Drovers recently received an inquiry from a college student conducting research for a public-health class project.  She sent a list of questions regarding the relative merits of finishing cattle on grass versus grain-based rations. Her questions, while somewhat biased, reflect common misperceptions of grain feeing and the kinds of question consumers are asking. For that reason, we have adapted the questions and answers into this article, to serve as possible “talking points” for our readers as you encounter similar questions from the public.

We’ve been posting the 13 questions, along with our answers, over the last couple weeks. Here is question 12:


How do you think corn affects the price of cattle? Do you think this is having a greater impact on the health of Americans?

Drovers CattleNetwork

Because grain finishing improves production efficiency, it helps keep the price of beef competitive with other meats. This is positive for the health of Americans, who have access to affordable, nutrient-dense food.

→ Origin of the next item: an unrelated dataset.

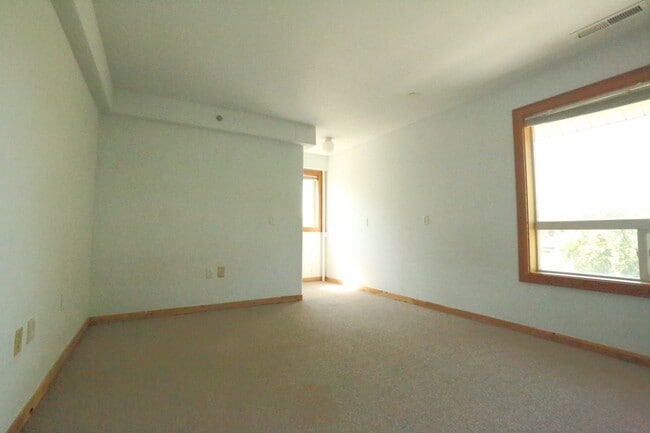 Building Photo - Spacious upper 3-bedroom unit with 2 full ...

For example, a March 8 price check with Omaha Steaks, a leading online retailer of premium meat products, shows a package of four nine-ounce grass-fed New York Strip steaks on sale for $89 (The regular price is $179.99.) Using the sale price, that is $22.25 per steak. For comparison a package of four nine-ounce conventional New York Strip steaks on the same site sells for $59.99, or $15 per steak.

The Omaha Steaks site also lists a package of four six-ounce, grass-fed hamburger patties for a sale price of $24.99. The regular price is $45.99. At the sale price, each grass-fed burger costs $6.25. For comparison, a package of eight five-ounce conventional burgers is sale priced at $19.99, or $2.50 per burger. The site lists the normal price for the same package of conventional burgers at $34.99, or $4.37 per burger, compared with $11.50 per burger for the grass-fed burgers at their usual full price of $45.99 for four six-ounce patties.